The Internet and The New Digial Warfare

By David Dittman, Wall Street Daily

Literally everything is a weapon in the Digital Age.

Yesterday, we talked about what may be the earliest days of an all-out cyberwar with Russia and Vladimir Putin.
Today, we’re going to talk about some things that may be even more frightening.
During a compelling sit-down with Establishment conversationalist Charlie Rose, former Assistant Attorney General and chief of the U.S. Department of Justice National Security Division John Carlin talked about threats emerging in this new era of constant interconnection.
The internet is a wonderful thing. It could also lead to our doom.
There are nation-states — including Russia, China, North Korea, and Iran — that can and will penetrate government and corporate networks to do us harm.
We’ve already revamped policies and procedures to address these relatively symmetric threats, as Carlin explained with regard to Chinese attempts at economic espionage, the North Koreans’ comical attack on Sony, and Russia’s ongoing effort to muck up the current presidential election.

Motivations here are easy to define and understand, whether it be China’s profit hunger, North Korea’s vengeance for slighting Dear Leader, or Russia’s and Putin’s antipathy toward democracy.
More troubling — and perhaps more dangerous — are the asymmetric threats lying among terrorist groups operating via social media and in the “dark web.”
These malefactors will hack private networks “in order to steal names to create kill lists, which is an actual case,” according to Carlin.

The internet is a wonderful thing. It could also lead to our doom.

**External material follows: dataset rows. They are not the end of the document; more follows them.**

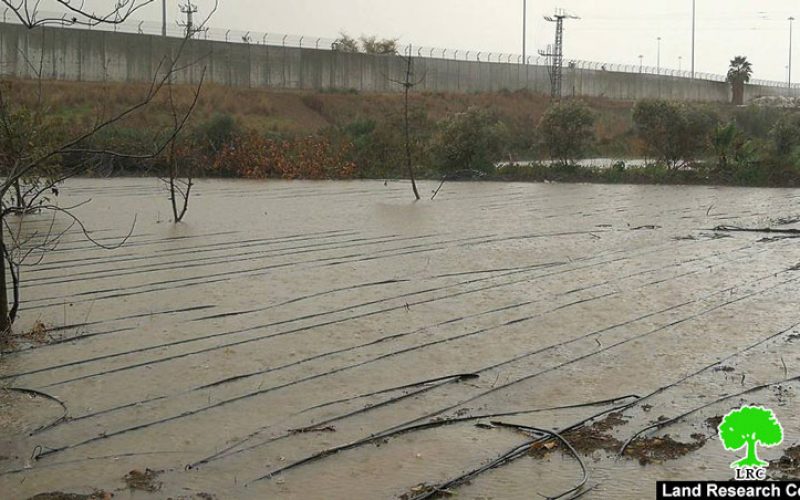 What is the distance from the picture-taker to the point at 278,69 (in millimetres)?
44406

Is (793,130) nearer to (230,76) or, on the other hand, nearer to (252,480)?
(252,480)

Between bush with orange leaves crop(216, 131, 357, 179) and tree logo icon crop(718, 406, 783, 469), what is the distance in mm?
19325

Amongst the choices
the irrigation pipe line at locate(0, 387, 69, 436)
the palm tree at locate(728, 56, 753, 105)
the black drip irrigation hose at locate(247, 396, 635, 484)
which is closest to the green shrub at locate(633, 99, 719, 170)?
the black drip irrigation hose at locate(247, 396, 635, 484)

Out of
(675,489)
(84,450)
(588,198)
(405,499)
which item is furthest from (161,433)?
(588,198)

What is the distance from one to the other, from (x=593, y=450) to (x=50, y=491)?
2.33m

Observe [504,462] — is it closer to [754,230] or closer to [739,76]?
[754,230]

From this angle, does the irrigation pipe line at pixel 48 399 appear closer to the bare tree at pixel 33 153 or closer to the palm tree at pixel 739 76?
the bare tree at pixel 33 153

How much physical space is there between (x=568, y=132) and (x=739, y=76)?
42250mm

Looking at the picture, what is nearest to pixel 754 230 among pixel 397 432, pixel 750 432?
pixel 750 432

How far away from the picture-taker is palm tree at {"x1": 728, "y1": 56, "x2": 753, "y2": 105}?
59.7 m

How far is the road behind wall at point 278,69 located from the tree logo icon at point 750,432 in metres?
24.7

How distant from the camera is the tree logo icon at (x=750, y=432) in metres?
4.00

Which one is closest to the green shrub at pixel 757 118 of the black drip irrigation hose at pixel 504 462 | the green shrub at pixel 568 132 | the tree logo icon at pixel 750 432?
the green shrub at pixel 568 132

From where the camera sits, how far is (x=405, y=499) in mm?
3688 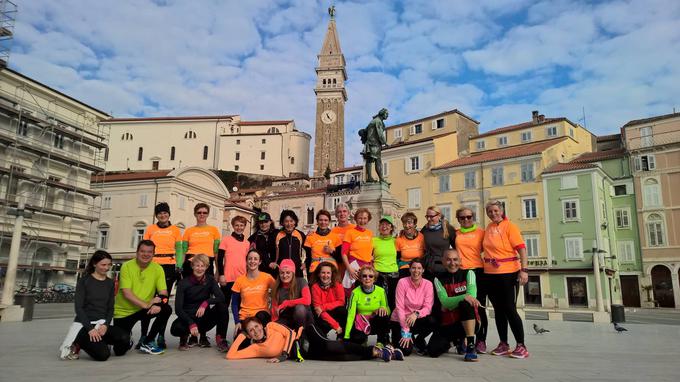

Carlin describes what appeared to be a “routine criminal hack” of a company’s network — a run-of-the-mill theft of names and addresses in order to “make a buck” via ransom.
In the case Carlin cites, the hacker stole a relatively small number of names — an amount of information so insignificant that a company would ordinarily not report it.
The hacker demanded a payment of $500 for the names — who happened to be U.S. government and military officials — via Bitcoin. Typically, companies would just pay the money or otherwise handle the problem on their own.
But this company — “a trusted U.S. retail company” — did report this particular hack, which was actually not some low-level shakedown. Behind it was an extremist from Kosovo who had moved to Malaysia and hooked up with British-born Pakistani “black hat hacker” Junaid Hussain.
Hussain was operating out of Syria “at the heart of” the Islamic State of the Levant terrorist organization, better known as ISIL or ISIS. Hussain “culled through that list of names to make a kill list.”
Hussain used Twitter to “publish” that kill list in the United States — basically soliciting adherents/assassins here at home to finish the work.
Despite the fact that its targets were far-flung and moving “at the speed of cyber,” the U.S. government was able to disrupt the plot.
Ardit Ferizi, the Kosovo hacker, was arrested in Malaysia and in June 2016 pleaded guilty in U.S. federal court and faces 25 years in prison.
Junaid Hussain was, says a statement from the U.S. Central Command, “killed in a military strike.”
We’re talking now about the “blended threat,” the overlap of what appears to be criminal activity with a national security situation involving a nation-state or a terrorist operation run by militant groups.
When it comes to cyberwarfare, it’s not always so easy to identify threats. At the same time, Carlin notes that we’re “much better at investigation and attribution than people thought.”
That conclusion is supported by the China economic espionage case, where the government was able to pinpoint a 9-to-5 working schedule (including a lunch break) for the hacker(s). That it was a “day job” provides “a hint as to who’s involved.”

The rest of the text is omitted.